Samus' New Psychic Abilities in Metroid Prime 4 Adds Fresh Gameplay
by Reuben Baron,
I already got to try out the first 15 minutes of Metroid Prime 4: Beyond at the Nintendo Holiday Showcase in September and liked what I saw. Now I've had the chance to play an additional hour of the long-awaited first-person adventure game, and the more I get to play of this, the longer the wait feels for its December 4 release on the Switch and Switch 2.
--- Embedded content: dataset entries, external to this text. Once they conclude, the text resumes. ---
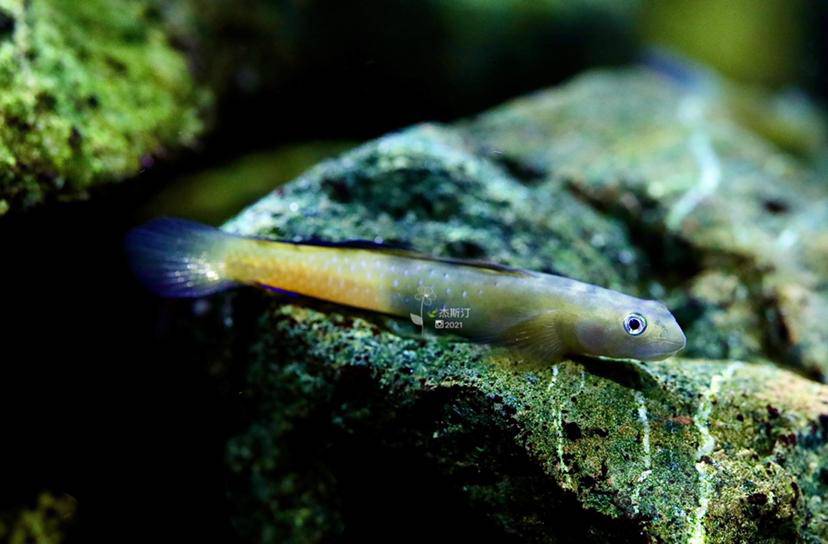 菲律宾宿务黄瓜虾虎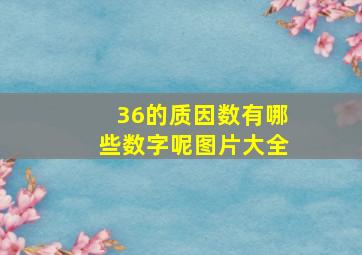 36的质因数有哪些数字呢图片大全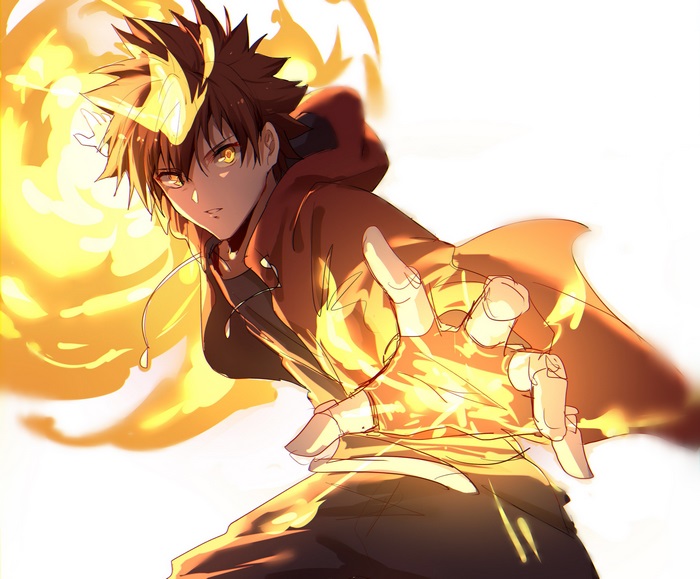 Tsunayoshi Sawada from Reborn!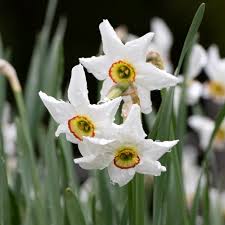 Attēlu rezultāti vaicājumam “Narcissus poeticus”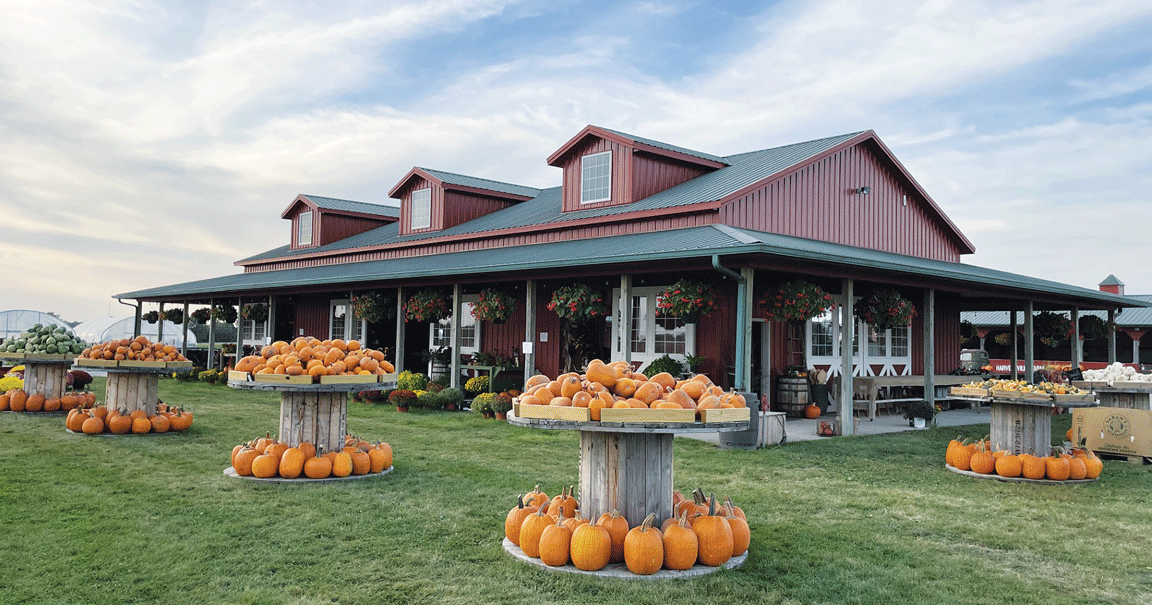 Iowa farm adds to seasonal offerings and events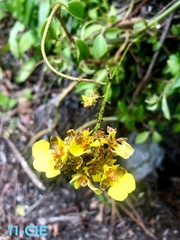 Trichocentrum ascendens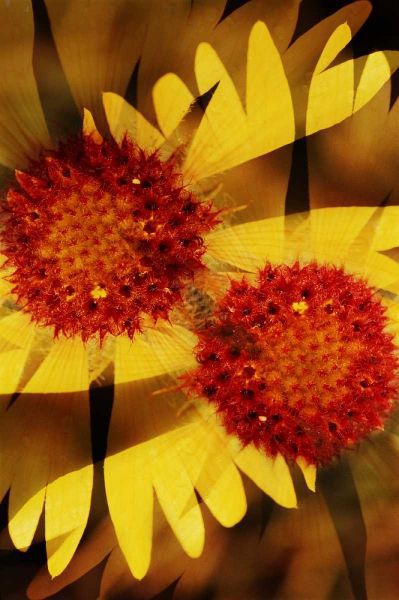 USA, Colorado, Boulder Gaillardia flower montage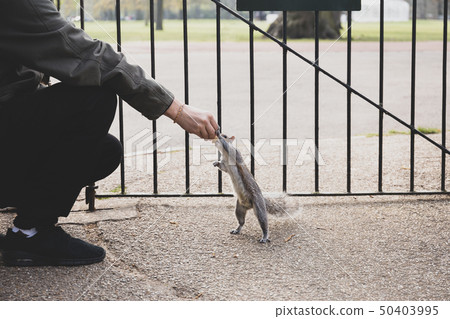 Squirrel taking nuts from mans hand in the park. 50403995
Nintendo's preview event was split into three parts. First up was the same demo of the game's opening I'd played before, though this time it was playable in handheld mode, and seeing just how crisp the graphics look on the Switch 2's handheld screen is the most persuasive case yet in favor of finally upgrading to the new console. The second section of the preview remains embargoed - nothing playable, but a presentation of cutscenes and plot elements to best situate us for the third and final part of the preview.
At last, we get to the new stuff I can actually talk about: an hour of gameplay in the forest world of Fury Green. As usual in Metroid games, Samus loses most of her weaponry early in the game. What's new here is that instead of just retrieving her old weapons, Samus gains new psychic abilities that work just differently enough to create fresh gameplay possibilities. For example, instead of regaining the old Morph Ball Bomb, she now gets Psychic Bombs that she still places in Morph Ball mode, but can then move psychically to different locations inaccessible to the Morph Ball.
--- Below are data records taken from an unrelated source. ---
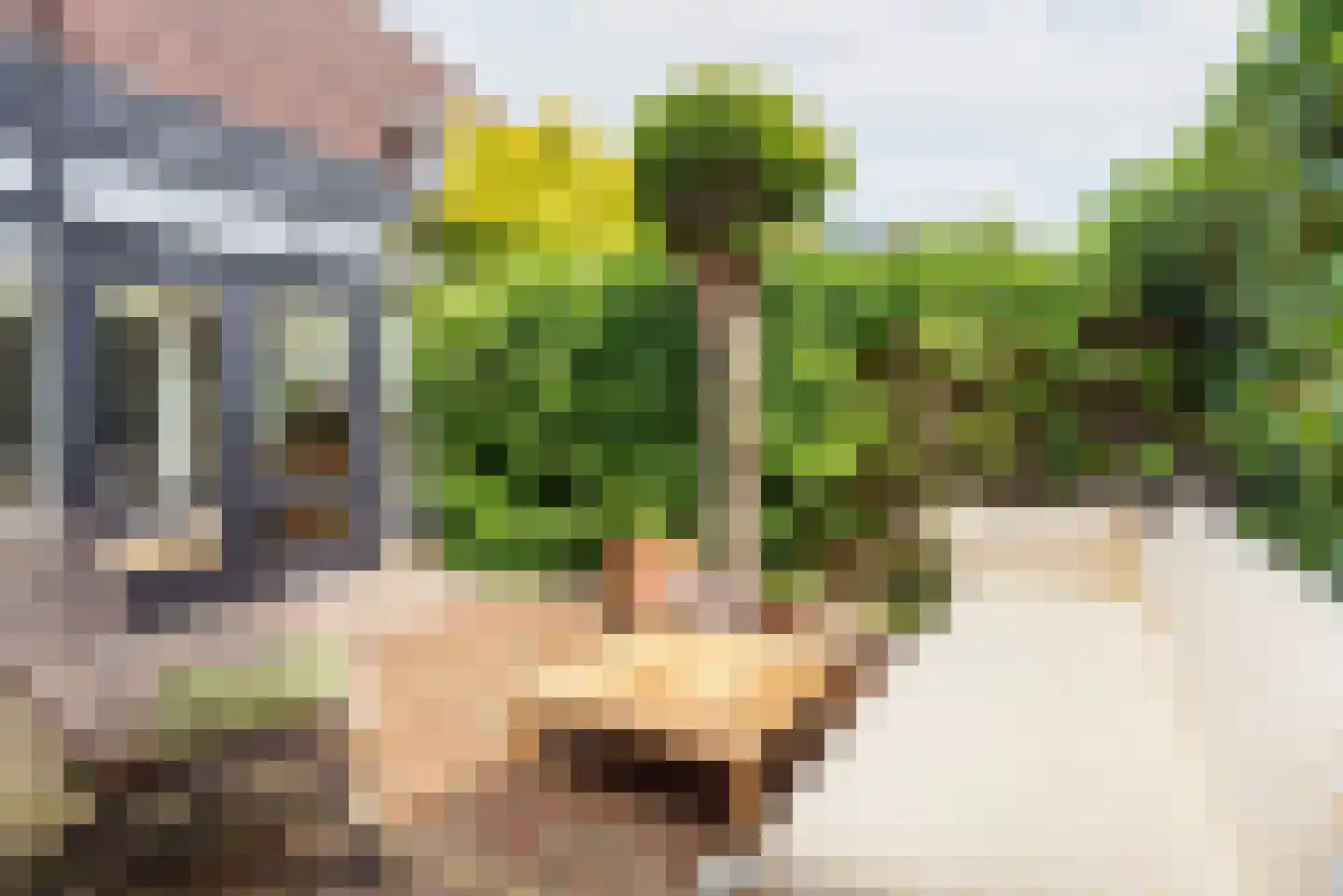 Deken Nijkampstraat 18 Ulft thumbnail 38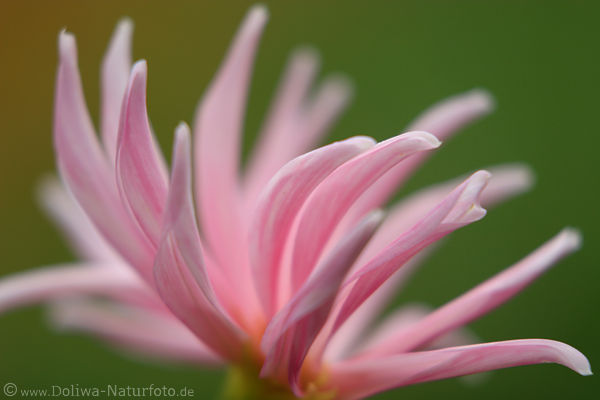 Dahlie abstrakte Strahlenblten Kaktusdahlie eingerollte Blten Monk Marc Dahlia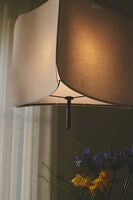 Tinto | Pendant | Black - Comet Lighting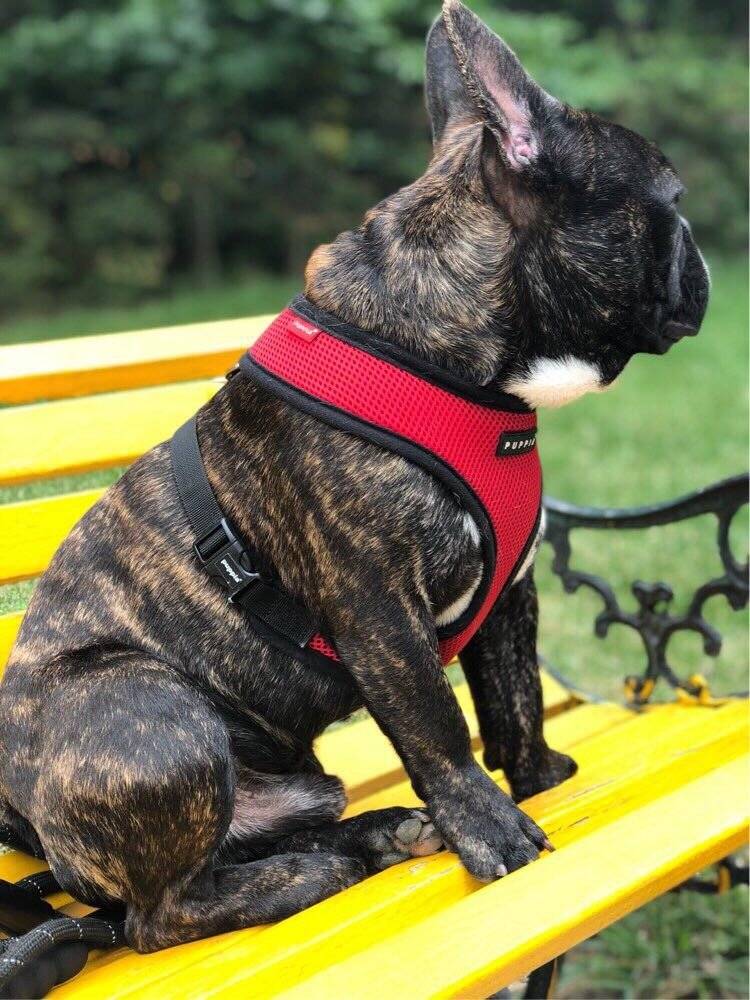 帅1帅的法国斗牛犬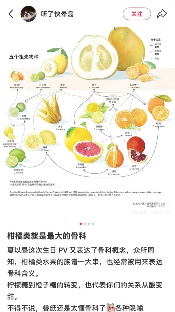 618，夏以昼给直播带货上了一课(图6)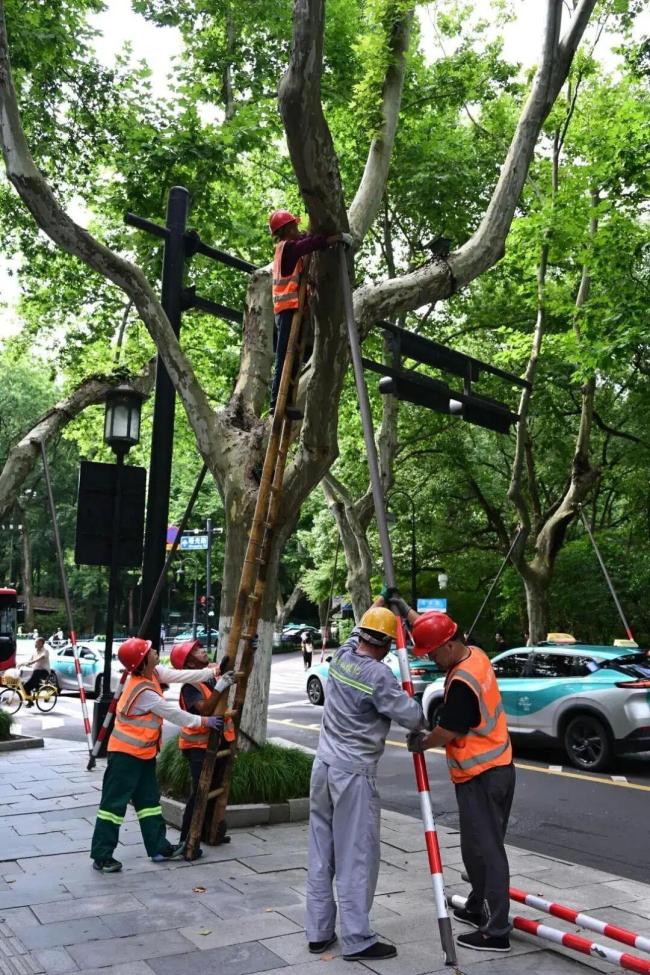西湖景区已完成树木加固5800余株 迎战台风“巴威”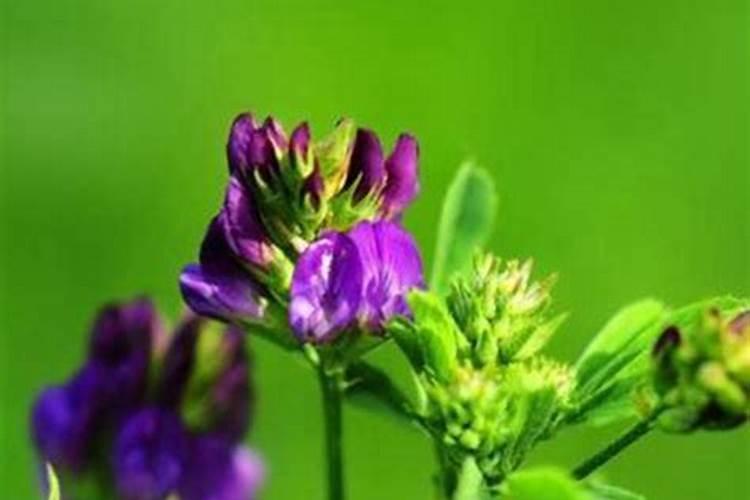 栽种一个月玫瑰适用高钾肥料还是高氮肥料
The game's puzzles are intuitively designed, sometimes almost too much so — at one point, I encountered such a clear opportunity to use one of the psychic abilities that I got ahead of myself, not realizing the puzzle that would use such abilities hadn't yet been activated. In classic Metroid style, some puzzles will be unsolvable until you get a new ability and can backtrack to do what you couldn't before. The creature designs are all excellent, with a plant-like monster that attacks with vines and thorns, making for an exciting boss battle.
Samus isn't working completely on her own in Fury Green. Partway through the demo, she picks up a distress signal from another Federation soldier. After rescuing him, he accompanies her in her exploration, firing additional shots while still needing a good deal of protection when swarms of monsters attack. The one thing I didn't really vibe with in this demo is the sight of this other character with his mask down. I'm so used to humans in Metroid games being depicted with shiny anime graphics that seeing realistic skin textures here just a bit Uncanny Valley. I already fear the Discourse that will occur if we ever see Samus unmasked in this style.
Despite featuring so heavily in the game's marketing (including as the big photo op at this event's exit), we still haven't had a chance to demo any use of Samus' new motorcycle, Vi-0-La. I wish I could have found out more about that — or that I could tell you about some of the embargoed plot details, for that matter — but all the more to look forward to in the final game. We've waited 18 years for a new Metroid Prime game; now it's only a few more weeks. The mix of old and new in the gameplay and the striking visual presentation here seems to be exactly what fans have been waiting for.